The ultimate test of the two campaigns is in the success of their efforts to increase turnout from 2000. Kerry and his allies increased the Democrat's vote by about 6.8 million votes; Bush increased his by nearly 10.5 million. In the key battleground of Ohio, Bush countered Kerry's gains in the metropolitan precincts by boosting his margin in exurban and rural counties from 57 to 60 percent, eking out a 118,457-vote victory.
A supposed strategic advantage for the Democrats -- massive support from well-endowed independent groups -- turned out to have an inherent flaw: The groups' legally required independence left them with a message out of harmony with the Kerry campaign.
A large part of Bush's advantage derived from being an incumbent who did not face a challenger from his party. He also benefited from the experience and continuity of a campaign hierarchy, based on a corporate model, that had essentially stayed intact since Bush's 1998 reelection race for Texas governor.
Take Office, Plan Campaign
When Bush moved into the Oval Office in 2001, planning for his presidential reelection campaign began almost immediately. Under the direction of Karl Rove, Bush's top White House adviser who served as a kind of chairman of the board, White House political director Kenneth B. Mehlman, the chief executive officer, pollster Matthew Dowd, chief operating officer, and Mark McKinnon, the principal media consultant, the Bush political team developed a strategy for 2004, began investing in innovative techniques to target voters and prepared an early and cost-effective advertising plan. During this period, the Republican National Committee, where much of the planning was based, outspent its Democratic counterpart by $122 million.

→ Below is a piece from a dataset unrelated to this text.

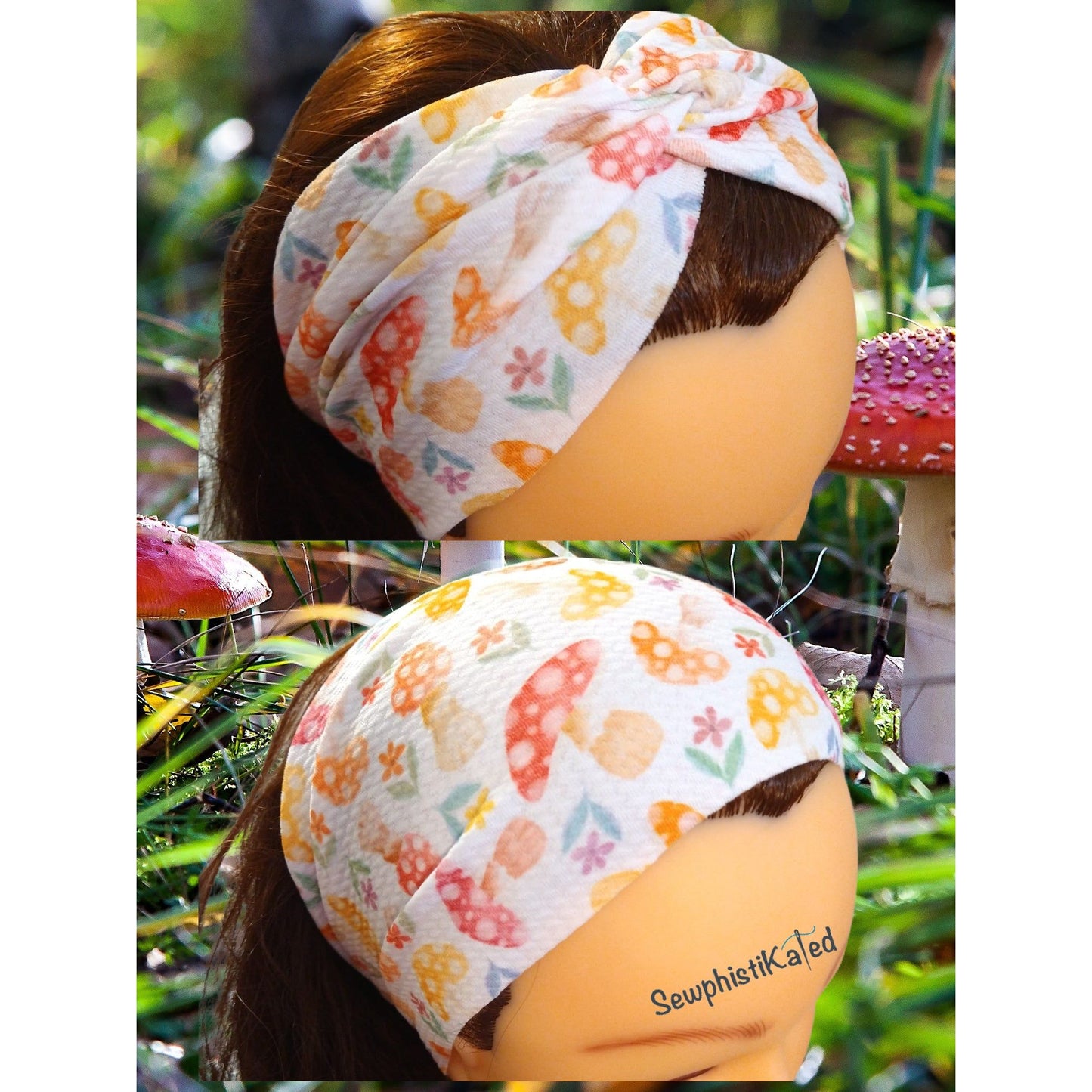 Toadstool Mushrooms Headbands & Scrunchies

In 2001, Dowd said that "we made some of the basic strategic assumptions about what we thought the election would look like."
One fundamental calculation was that 93 percent of the voting-age public was already committed or predisposed toward the Democratic or Republican candidate, leaving 7 percent undecided.
Another calculation was that throughout the Bush presidency, "most voters looked at Bush in very black-and-white terms. They either loved and respected him, or they didn't like him," Dowd said. Those voters were unlikely to change their views before Election Day 2004.
That prompted Republicans to jettison their practice of investing 75 to 90 percent of campaign money on undecided voters. Instead, half the money went into motivating and mobilizing people already inclined to vote for Bush, but who were either unregistered or who often failed to vote -- "soft" Republicans.
"We systematically allocated all the main resources of the campaign to the twin goals of motivation and persuasion. The media, the voter targeting, the mail -- all were based off that strategic decision," Dowd said.